Words are powerful. So I have chosen to stop using the language of marriage in order to identify with people against whom a secular government discriminates based upon religious bigotry. I encourage other people to do the same.
The good change is that technology offers the potential to simplify our lives and to reduce our dependence upon material possessions. My cell phone has more capabilities than any phone I have previously owned. It is also the smallest phone I have ever owned.
Similarly, the Kindle that I’ve owned for a couple of years now contains hundreds of books. Because these books are in an electronic format, I’ve reduced my environmental footprint at no cost to myself, i.e., I’ve avoided purchasing additional shelving not to mention the horrendous pollution associated with papermaking. These tomes cost less than the print version (some are even free), raising my standard of living without requiring me to increase my income; the author, if alive, earns more. The Kindle is also highly transportable. Furthermore, my partner and I share a Kindle account, enabling us to read one another’s books at no cost, exactly as we would do with a printed book.
Technology has revolutionized modern life. No longer are the tasks of ordinary living – cleaning, cooking, caring for clothes, etc. – arduous, time consuming endeavors. Additionally, technology has often improved the result. Cooking on a gas or electronic appliance generally trumps a wood or coal fired cooker (unless one seeks a particular flavor). Washing machines generally clean clothes better, more quickly, and with less effort than does hand washing. Personal hygiene is vastly superior because of modern plumbing and products. The advent of 3-D printers offers the prospect of manufacturing on demand, potentially eliminating the need to stockpile items never used as well as the preferred square footage of dwellings.

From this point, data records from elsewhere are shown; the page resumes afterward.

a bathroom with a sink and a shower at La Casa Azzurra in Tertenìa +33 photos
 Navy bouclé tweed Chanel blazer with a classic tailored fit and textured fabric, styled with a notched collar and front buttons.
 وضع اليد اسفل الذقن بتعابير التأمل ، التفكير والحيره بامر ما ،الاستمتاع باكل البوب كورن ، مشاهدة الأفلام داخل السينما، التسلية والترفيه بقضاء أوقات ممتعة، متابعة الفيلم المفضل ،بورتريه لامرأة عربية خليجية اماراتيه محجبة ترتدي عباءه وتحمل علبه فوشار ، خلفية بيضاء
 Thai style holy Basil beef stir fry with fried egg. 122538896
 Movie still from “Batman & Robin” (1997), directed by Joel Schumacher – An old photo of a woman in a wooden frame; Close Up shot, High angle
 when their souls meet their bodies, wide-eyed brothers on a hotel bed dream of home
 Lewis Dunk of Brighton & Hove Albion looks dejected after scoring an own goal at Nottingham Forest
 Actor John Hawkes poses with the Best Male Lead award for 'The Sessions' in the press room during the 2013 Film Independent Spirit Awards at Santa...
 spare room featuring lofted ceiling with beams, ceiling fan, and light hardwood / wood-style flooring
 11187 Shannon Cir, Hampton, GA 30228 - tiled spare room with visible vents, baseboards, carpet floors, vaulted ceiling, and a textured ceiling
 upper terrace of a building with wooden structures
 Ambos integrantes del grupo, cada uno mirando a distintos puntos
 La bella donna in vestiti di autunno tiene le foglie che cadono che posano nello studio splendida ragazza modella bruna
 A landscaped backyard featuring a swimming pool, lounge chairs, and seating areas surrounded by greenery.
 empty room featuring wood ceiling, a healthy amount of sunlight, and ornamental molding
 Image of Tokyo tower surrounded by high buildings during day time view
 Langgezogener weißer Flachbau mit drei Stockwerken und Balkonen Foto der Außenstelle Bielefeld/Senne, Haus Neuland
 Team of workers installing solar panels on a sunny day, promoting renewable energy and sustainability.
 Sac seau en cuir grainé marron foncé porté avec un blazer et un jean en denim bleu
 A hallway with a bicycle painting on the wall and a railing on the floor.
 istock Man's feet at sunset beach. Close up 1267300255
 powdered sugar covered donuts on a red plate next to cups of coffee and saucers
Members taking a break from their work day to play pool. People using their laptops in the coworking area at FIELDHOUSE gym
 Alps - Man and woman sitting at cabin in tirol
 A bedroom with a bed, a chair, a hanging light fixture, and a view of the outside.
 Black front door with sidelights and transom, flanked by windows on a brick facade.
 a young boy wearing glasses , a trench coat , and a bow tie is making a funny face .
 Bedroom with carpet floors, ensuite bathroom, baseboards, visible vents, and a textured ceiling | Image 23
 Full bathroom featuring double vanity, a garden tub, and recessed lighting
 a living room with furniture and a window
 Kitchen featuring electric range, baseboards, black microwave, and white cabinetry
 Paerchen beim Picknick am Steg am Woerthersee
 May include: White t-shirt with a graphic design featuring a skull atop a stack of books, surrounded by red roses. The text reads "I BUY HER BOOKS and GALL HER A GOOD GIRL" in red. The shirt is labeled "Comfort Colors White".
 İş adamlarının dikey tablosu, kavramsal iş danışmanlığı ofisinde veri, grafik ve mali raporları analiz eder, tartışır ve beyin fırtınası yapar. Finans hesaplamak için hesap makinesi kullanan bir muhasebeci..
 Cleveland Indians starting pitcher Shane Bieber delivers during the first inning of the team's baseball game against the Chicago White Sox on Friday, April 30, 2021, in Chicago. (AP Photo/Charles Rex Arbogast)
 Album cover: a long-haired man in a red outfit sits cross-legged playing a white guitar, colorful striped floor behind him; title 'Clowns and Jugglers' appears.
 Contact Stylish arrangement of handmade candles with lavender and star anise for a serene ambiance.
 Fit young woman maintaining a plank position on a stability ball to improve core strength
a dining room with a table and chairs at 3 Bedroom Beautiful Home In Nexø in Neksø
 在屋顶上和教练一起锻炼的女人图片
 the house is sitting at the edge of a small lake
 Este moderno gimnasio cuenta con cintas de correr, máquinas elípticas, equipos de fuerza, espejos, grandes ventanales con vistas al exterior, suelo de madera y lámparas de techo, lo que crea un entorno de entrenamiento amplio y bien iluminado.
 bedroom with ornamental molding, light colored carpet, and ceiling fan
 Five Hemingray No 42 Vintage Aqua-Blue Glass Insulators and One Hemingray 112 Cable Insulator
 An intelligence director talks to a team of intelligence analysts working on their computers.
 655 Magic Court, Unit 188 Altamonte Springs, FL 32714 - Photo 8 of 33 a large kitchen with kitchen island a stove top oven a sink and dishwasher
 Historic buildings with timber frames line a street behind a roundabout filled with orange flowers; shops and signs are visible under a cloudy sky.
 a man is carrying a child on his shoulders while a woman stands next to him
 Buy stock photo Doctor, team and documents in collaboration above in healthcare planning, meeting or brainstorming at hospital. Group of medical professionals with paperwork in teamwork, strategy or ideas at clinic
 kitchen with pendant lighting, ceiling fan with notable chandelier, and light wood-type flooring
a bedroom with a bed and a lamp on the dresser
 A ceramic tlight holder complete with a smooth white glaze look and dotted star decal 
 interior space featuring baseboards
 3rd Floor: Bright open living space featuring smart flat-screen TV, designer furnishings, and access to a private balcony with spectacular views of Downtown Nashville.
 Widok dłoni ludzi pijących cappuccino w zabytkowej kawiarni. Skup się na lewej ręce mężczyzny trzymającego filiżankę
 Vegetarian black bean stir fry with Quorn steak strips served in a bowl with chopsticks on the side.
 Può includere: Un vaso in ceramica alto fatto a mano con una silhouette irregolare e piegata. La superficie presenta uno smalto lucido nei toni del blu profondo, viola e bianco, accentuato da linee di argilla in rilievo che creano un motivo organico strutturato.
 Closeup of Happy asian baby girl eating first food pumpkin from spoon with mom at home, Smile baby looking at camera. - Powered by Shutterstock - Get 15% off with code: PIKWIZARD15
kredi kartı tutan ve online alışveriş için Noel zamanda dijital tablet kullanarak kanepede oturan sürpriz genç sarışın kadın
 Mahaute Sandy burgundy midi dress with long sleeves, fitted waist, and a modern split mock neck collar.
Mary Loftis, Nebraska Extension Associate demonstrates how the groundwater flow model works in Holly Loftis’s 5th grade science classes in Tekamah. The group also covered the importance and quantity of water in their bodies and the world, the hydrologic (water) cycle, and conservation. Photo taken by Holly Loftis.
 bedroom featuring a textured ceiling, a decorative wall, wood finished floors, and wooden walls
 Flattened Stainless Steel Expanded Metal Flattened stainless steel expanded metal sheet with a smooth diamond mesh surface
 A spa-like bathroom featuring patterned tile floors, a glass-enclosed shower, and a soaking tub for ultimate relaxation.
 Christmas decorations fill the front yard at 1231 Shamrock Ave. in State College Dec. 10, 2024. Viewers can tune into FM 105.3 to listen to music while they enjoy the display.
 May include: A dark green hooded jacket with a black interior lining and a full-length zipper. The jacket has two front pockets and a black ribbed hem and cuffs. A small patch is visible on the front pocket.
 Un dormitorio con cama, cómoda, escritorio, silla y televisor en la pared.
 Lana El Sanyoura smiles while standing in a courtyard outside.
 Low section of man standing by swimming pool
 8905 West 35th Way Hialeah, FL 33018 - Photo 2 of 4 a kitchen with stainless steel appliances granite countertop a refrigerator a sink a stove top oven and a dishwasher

Technology is assuredly no panacea for our problems. Technology does offer a means to reduce per capita consumption of many of earth’s resources without a commensurate reduction in the quality of life. Perhaps the greatest obstacle to overcome will be obtaining sustainable and abundant energy with which to fuel the technology at a reasonable price. The other major obstacle may be persuading people to adopt technology without committing to a never ending cycle of non-essential, producer driven product upgrades.